_To do:_ Give the data below again exactly as written, but without the pictures.

━━━━━━

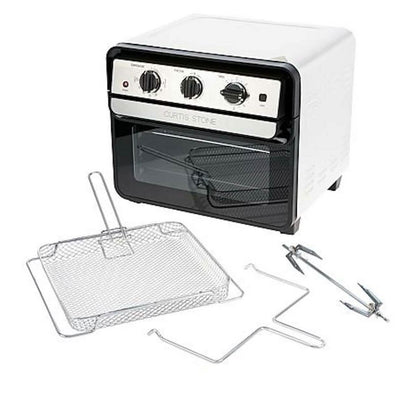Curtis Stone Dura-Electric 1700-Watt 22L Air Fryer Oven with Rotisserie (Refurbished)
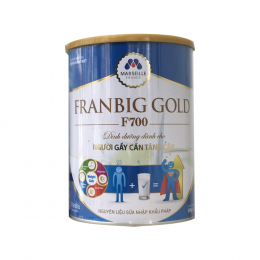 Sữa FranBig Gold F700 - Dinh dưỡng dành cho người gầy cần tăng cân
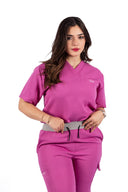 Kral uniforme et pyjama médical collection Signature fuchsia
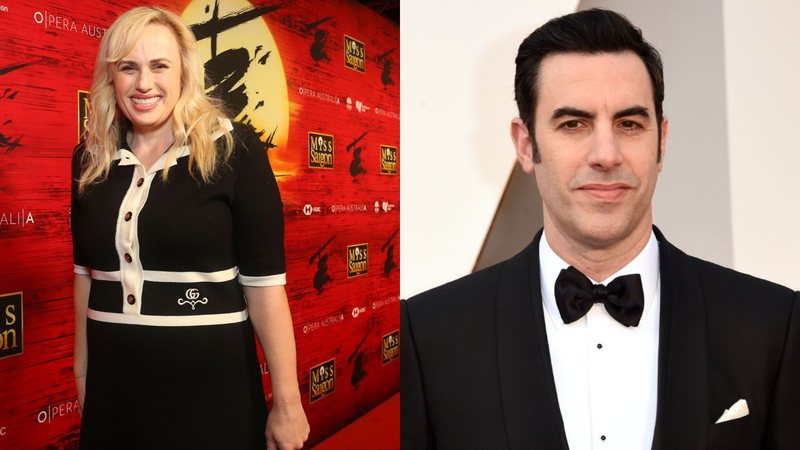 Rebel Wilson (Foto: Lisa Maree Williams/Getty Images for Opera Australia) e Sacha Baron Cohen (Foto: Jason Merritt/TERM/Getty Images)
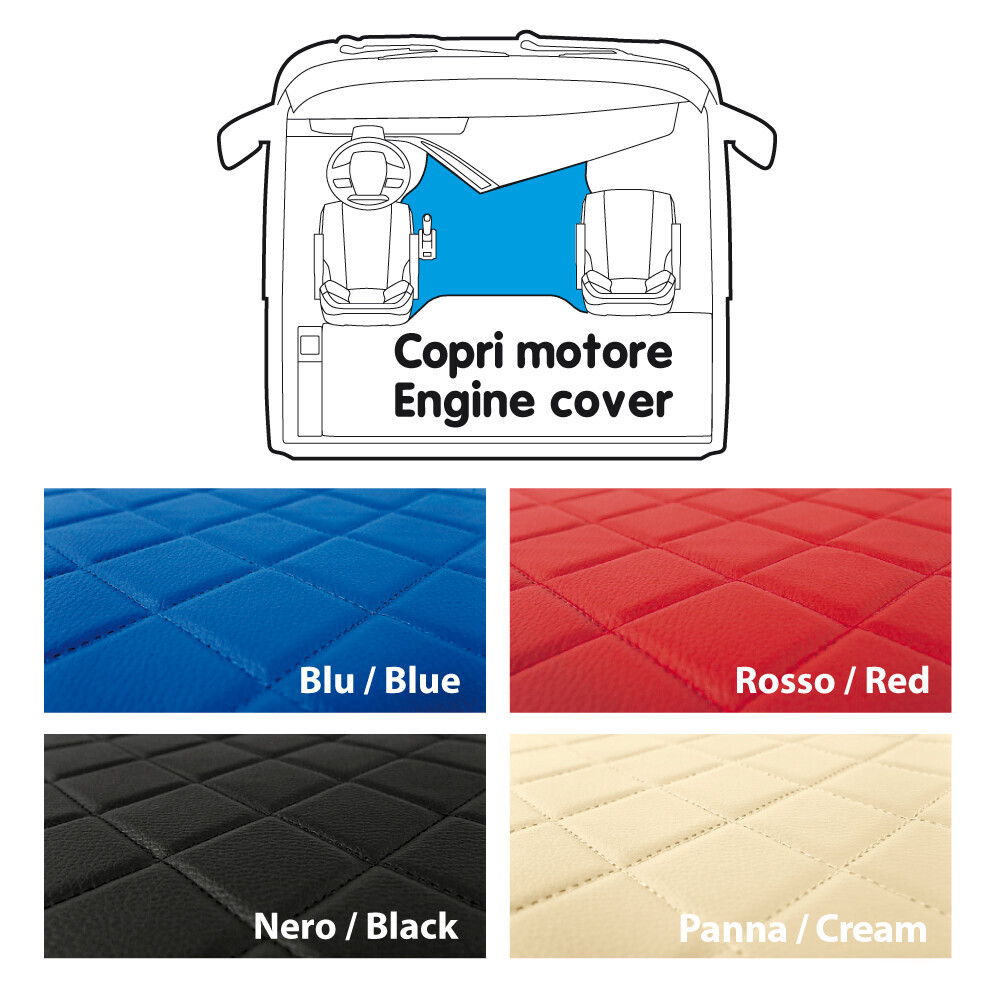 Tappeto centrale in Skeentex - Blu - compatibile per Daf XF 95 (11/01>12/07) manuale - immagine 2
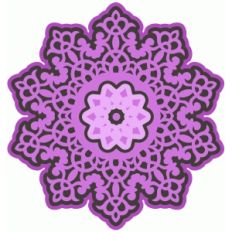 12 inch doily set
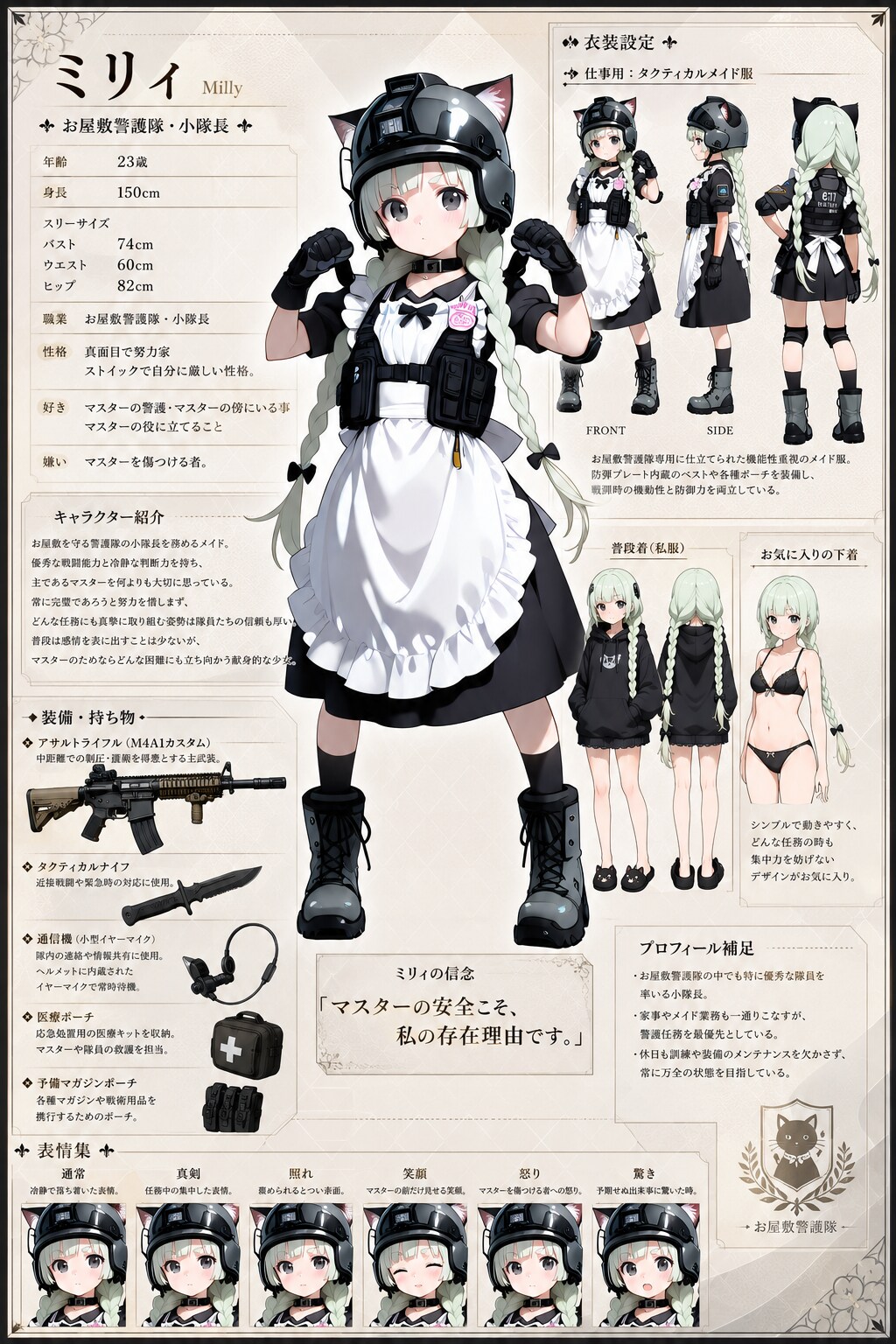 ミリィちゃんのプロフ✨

━━━━━━

_Solution for this problem:_
Curtis Stone Dura-Electric 1700-Watt 22L Air Fryer Oven with Rotisserie (Refurbished)
 Sữa FranBig Gold F700 - Dinh dưỡng dành cho người gầy cần tăng cân
 Kral uniforme et pyjama médical collection Signature fuchsia
 Rebel Wilson (Foto: Lisa Maree Williams/Getty Images for Opera Australia) e Sacha Baron Cohen (Foto: Jason Merritt/TERM/Getty Images)
 Tappeto centrale in Skeentex - Blu - compatibile per Daf XF 95 (11/01>12/07) manuale - immagine 2
 12 inch doily set
 ミリィちゃんのプロフ✨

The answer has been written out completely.